▸ **TASK TO CARRY OUT**: Copy all the records exactly, but keep the pictures out of your version.

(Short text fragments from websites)

___

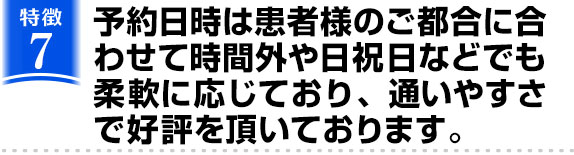 予約日時は患者様のご都合に合わせて時間外や日祝日などでも柔軟に応じており、通いやすさで好評を頂いております。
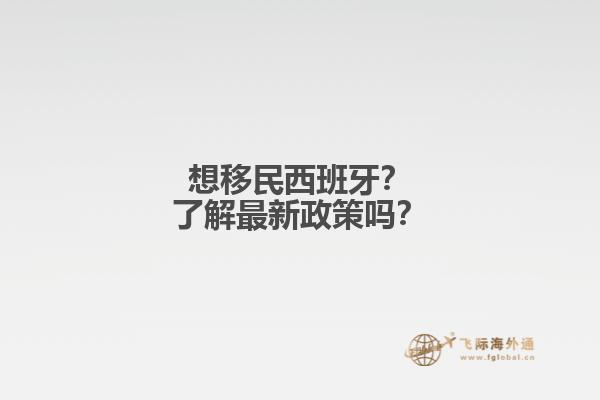 想移民西班牙？了解最新政策吗？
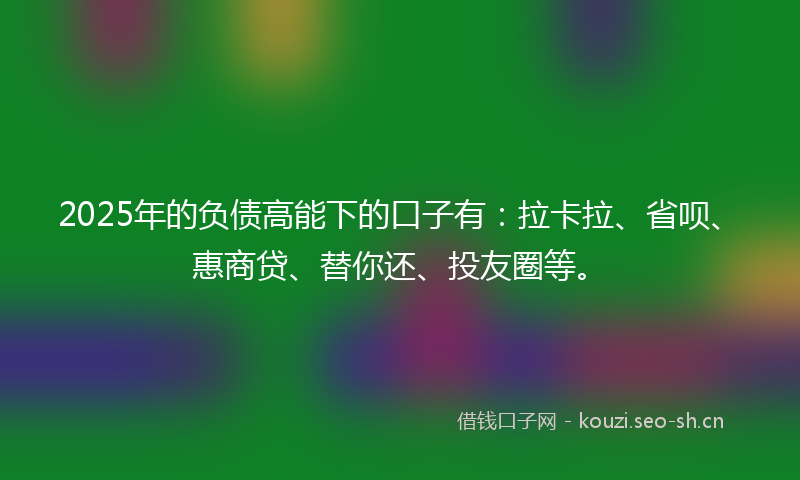 2025年的负债高能下的口子有：拉卡拉、省呗、惠商贷、替你还、投友圈等。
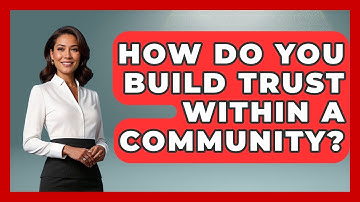 How Do You Build Trust Within A Community? - Aspiring Teacher Guide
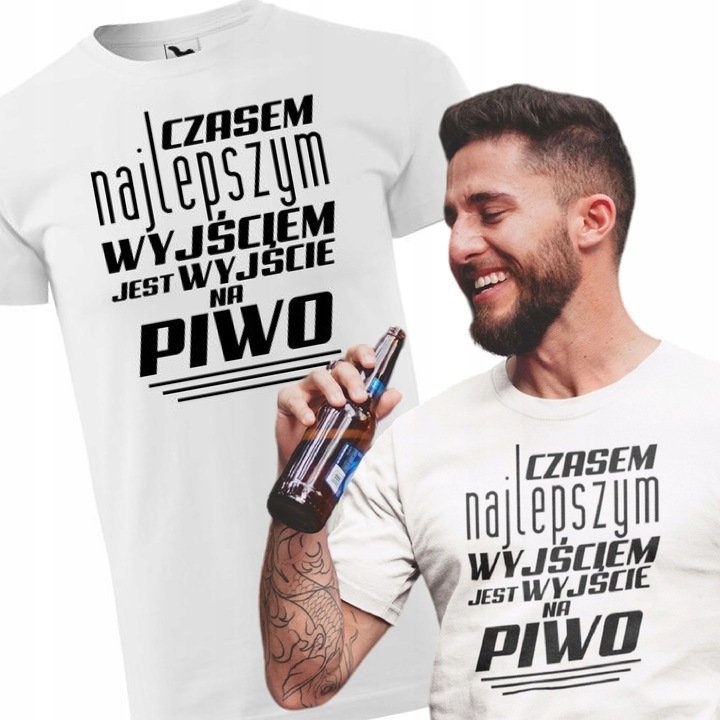 Męska koszulka dla Wędkarza Super prezent dla Taty dla Przyjaciela na Urodziny Śmieszna koszulka z napisem Czasem najlepszym wyjściem Piwo L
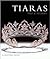 Tiaras: Past and Present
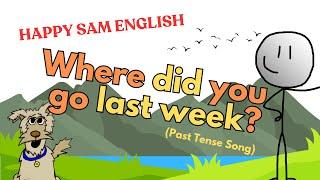 Past Tense Song - Where Did You Go Last Week?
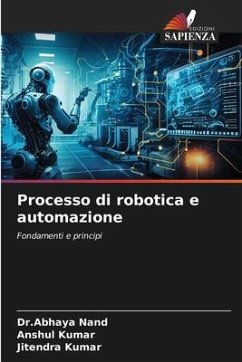 Processo di robotica e automazione - Nand, Dr.Abhaya;Kumar, Anshul;Kumar, Jitendra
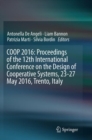 Image for COOP 2016: Proceedings of the 12th International Conference on the Design of Cooperative Systems, 23-27 May 2016, Trento, Italy
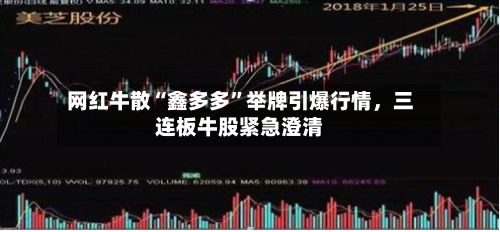 网红牛散“鑫多多”举牌引爆行情，三连板牛股紧急澄清-第2张图片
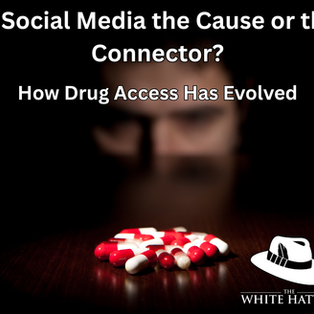 Is Social Media the Cause or the Connector? How Drug Access Has Evolved!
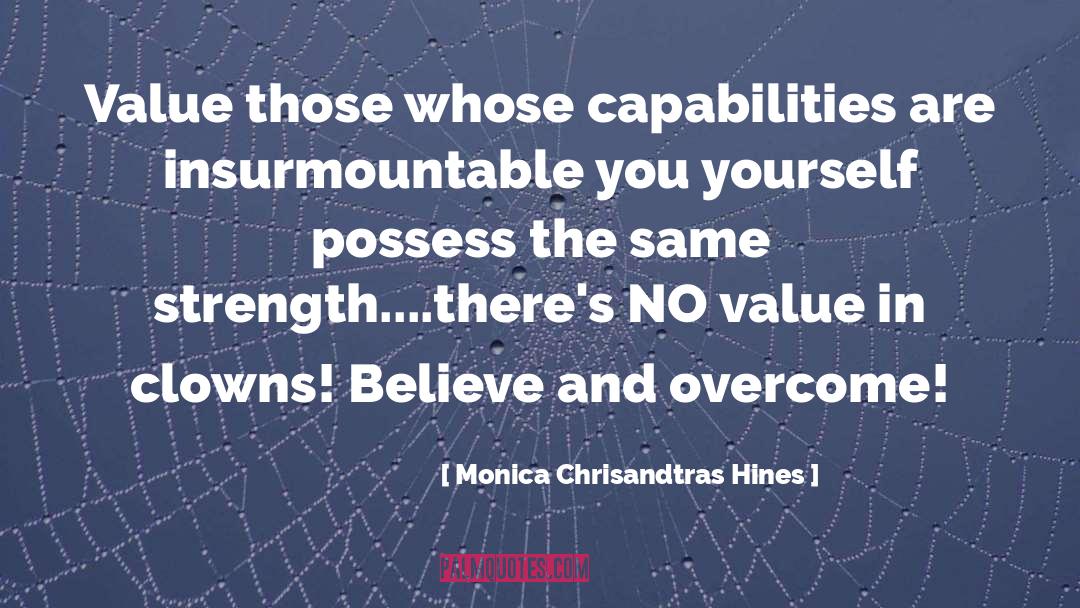 Monica Chrisandtras Hines Quotes: Value those whose capabilities are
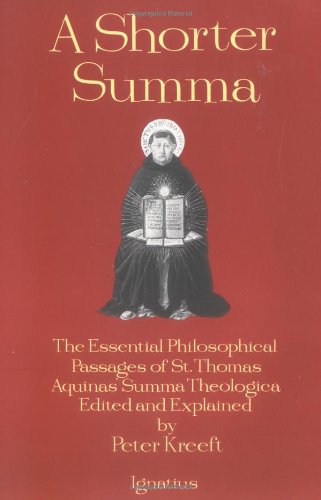 A Shorter Summa: the Most Essential Philosophical Passages of St. Thomas Aquinas' Summa Theologica / Edited by Peter Kreeft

___

▸ **COMPLETED TASK**:
 予約日時は患者様のご都合に合わせて時間外や日祝日などでも柔軟に応じており、通いやすさで好評を頂いております。
 想移民西班牙？了解最新政策吗？
 2025年的负债高能下的口子有：拉卡拉、省呗、惠商贷、替你还、投友圈等。
 How Do You Build Trust Within A Community? - Aspiring Teacher Guide
 Męska koszulka dla Wędkarza Super prezent dla Taty dla Przyjaciela na Urodziny Śmieszna koszulka z napisem Czasem najlepszym wyjściem Piwo L
 Tiaras: Past and Present
 Past Tense Song - Where Did You Go Last Week?
 Processo di robotica e automazione - Nand, Dr.Abhaya;Kumar, Anshul;Kumar, Jitendra
 Image for COOP 2016: Proceedings of the 12th International Conference on the Design of Cooperative Systems, 23-27 May 2016, Trento, Italy
 网红牛散“鑫多多”举牌引爆行情，三连板牛股紧急澄清-第2张图片
 Is Social Media the Cause or the Connector? How Drug Access Has Evolved!
 Monica Chrisandtras Hines Quotes: Value those whose capabilities are
 A Shorter Summa: the Most Essential Philosophical Passages of St. Thomas Aquinas' Summa Theologica / Edited by Peter Kreeft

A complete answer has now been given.